The legislative session opened with a clatter last week. After several days of peaceful protest and occupation of the legislative front steps by Wet’suwet’en supporters, the grounds suddenly surged with an influx of intense, well-organized crowds the morning of the Throne Speech.
Teams of protesters clogged the building entrances. They linked arms and shouted rhetoric, blocking anyone who tried to get through. “Shame! Shame!” they screamed at dining room and maintenance employees who tried to make their way to jobs that didn’t pay them enough at that moment. Some Cabinet Ministers, MLAs, interns, bureaucrats and political staffers were also barred from entering. One intrepid reporter Peter Parker-crawled his way up a stone block wall to get around demonstrators.
What does this protest have to do with me, Robson Valley readers, and the Rocky Mountain Goat, you may wonder? Everything, it turns out.
Escalations of civil disobedience may indicate a new normal, given they are flashpoints for other things citizens are angry about.
The media is as much a part of the solution as anyone. That’s why the Goat in Victoria will report on the actions and interactions of the people entrusted to represent and lead the province’s citizens through these and other tricky rapids ahead. We will examine BC government policy through a rural lens; we will scrutinize institutional data, services and programs to understand the nuance, context and implications for Robson Valley citizens and rural British Columbians.

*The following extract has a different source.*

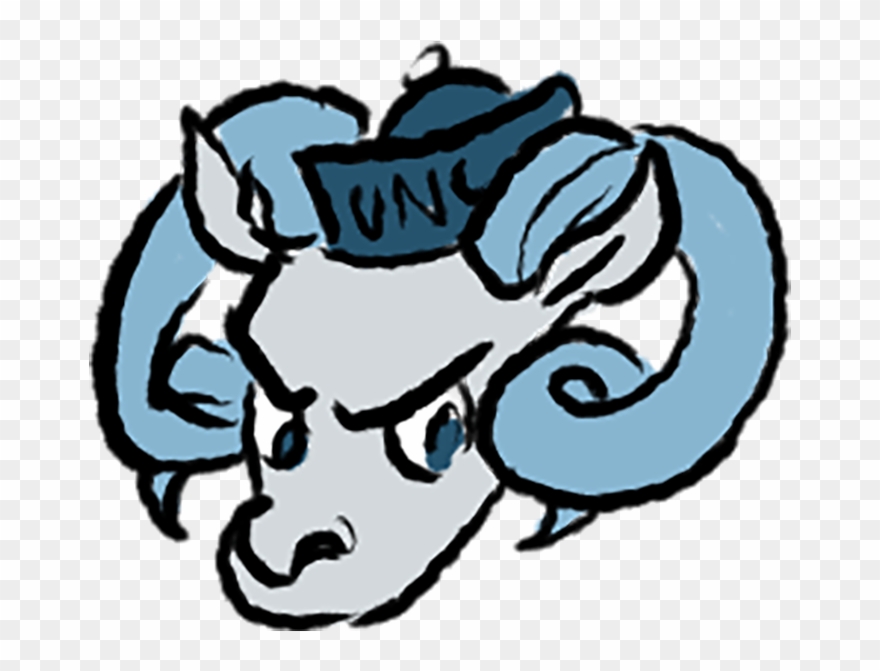 Texas South Clipart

My work in Victoria will be guided by the leadership, integrity, and deep local knowledge of the Rocky Mountain Goat publisher and editor, and it will be informed by reader response. I ask for your patience and welcome your feedback as I research my way through the issues of Robson Valley and re-learn the ropes in Victoria from the other side of the Legislative Chamber (between careers in newspapers, magazines and television, I spent a few years as a political assistant in Victoria).

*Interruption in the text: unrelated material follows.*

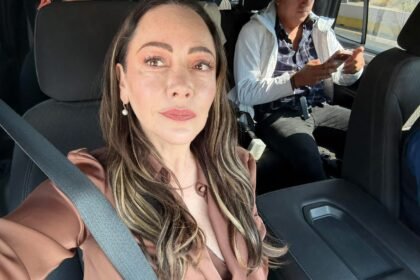 whatsapp image 2025 11 23 at 222301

The RMG team has already begun building a line-up of issues and topics to tackle in the months ahead: forestry sector revitalization, seniors home support and assisted living, green energy and geothermal development, mental health services, transportation gaps, economic and social effects of resource development, and more.
Along the way, we’ll show readers what’s happening in Victoria, like this week’s raw footage exchange between Prince George-Valemount MLA Shirley Bond and Premier John Horgan during Question Period.
Over the next while, we’ll also try out different feature concepts, such as Postcards from the Ledge, ChangeMakers, and MLA in Action.
Throughout, we truly want to know what you think. When it comes to feedback, please bring it on.
To reference Horgan again: “No single one of us decides what reconciliation can or should look like. It is a shared journey we are on together.”
Work together, learn together, stand together. Keep talking and listen a lot.
With the passage of the legislation, “Our work here has not ended,” Horgan noted. “It has just begun.”